Add images as input to an agent by using the Image class. An image can either have:

a content, base64 encoded data
a url

In the following example, we'll build an agent that can identify the city and country from an image.

import base64
import workflowai
from workflowai import Model
from workflowai.fields import Image
from pydantic import BaseModel, Field
from typing import Optional

class ImageInput(BaseModel):
    image: Image = Field(description="The image to analyze")

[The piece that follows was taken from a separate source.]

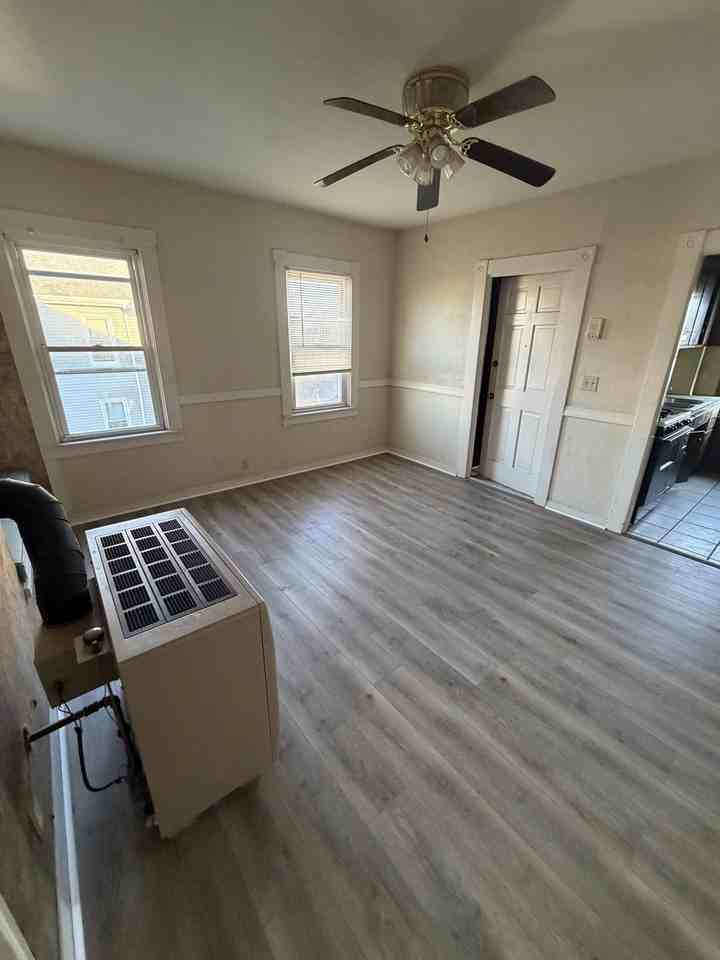 328 Sawyer St #3 - Photo 3 of 8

class ImageOutput(BaseModel):
    city: str = Field(default="", description="Name of the city shown in the image")
    country: str = Field(default="", description="Name of the country where the city is located")
    confidence: Optional[float] = Field(
        default=None,
        description="Confidence level in the identification (0-1)",
    )

@workflowai.agent(id="city-identifier", model=Model.GEMINI_2_0_FLASH_LATEST)
async def identify_city_from_image(image_input: ImageInput) -> ImageOutput:
    """
    Analyze the provided image and identify the city and country shown in it.
    If the image shows a recognizable landmark or cityscape, identify the city and country.
    If uncertain, indicate lower confidence or leave fields empty.

    Focus on:
    - Famous landmarks
    - Distinctive architecture
    - Recognizable skylines
    - Cultural elements that identify the location

    Return empty strings if the city/country cannot be determined with reasonable confidence.
    """
    ...

# Run the agent

## From a remote image
image_url = "https://images.pexels.com/photos/699466/pexels-photo-699466.jpeg"
image = Image(url=image_url)
agent_run = await identify_city_from_image.run(ImageInput(image=image))
print(agent_run)

# Output:
# ==================================================
# {
#   "city": "Paris",
#   "country": "France",
#   "confidence": 1.0
# }
# ==================================================
# Cost: $ 0.00024
# Latency: 6.70s

## From a local image
image_path = "path/to/image.jpg"
with open(image_path, "rb") as image_file:
    content = base64.b64encode(image_file.read()).decode("utf-8")

image = Image(content_type="image/jpeg", data=content)
agent_run = await identify_city_from_image.run(ImageInput(image=image))

See a more complete example in examples/07_image_agent.py.

You can test this agent with your own images in the WorkflowAI playground. View on WorkflowAI.

Images generation is not supported yet.

PDF, documents

Use the PDF class to add PDF, documents, or other files as input to an agent.

In the following example, an agent is created that can answer questions based on a PDF document.

This example uses the GEMINI_2_0_FLASH_LATEST model - a powerful and cost-effective multimodal model optimized for processing PDF documents.

import workflowai
from pydantic import BaseModel, Field
from workflowai import Model
from workflowai.fields import PDF

class PDFQuestionInput(BaseModel):
    pdf: PDF = Field(description="The PDF document to analyze")
    question: str = Field(description="The question to answer about the PDF content")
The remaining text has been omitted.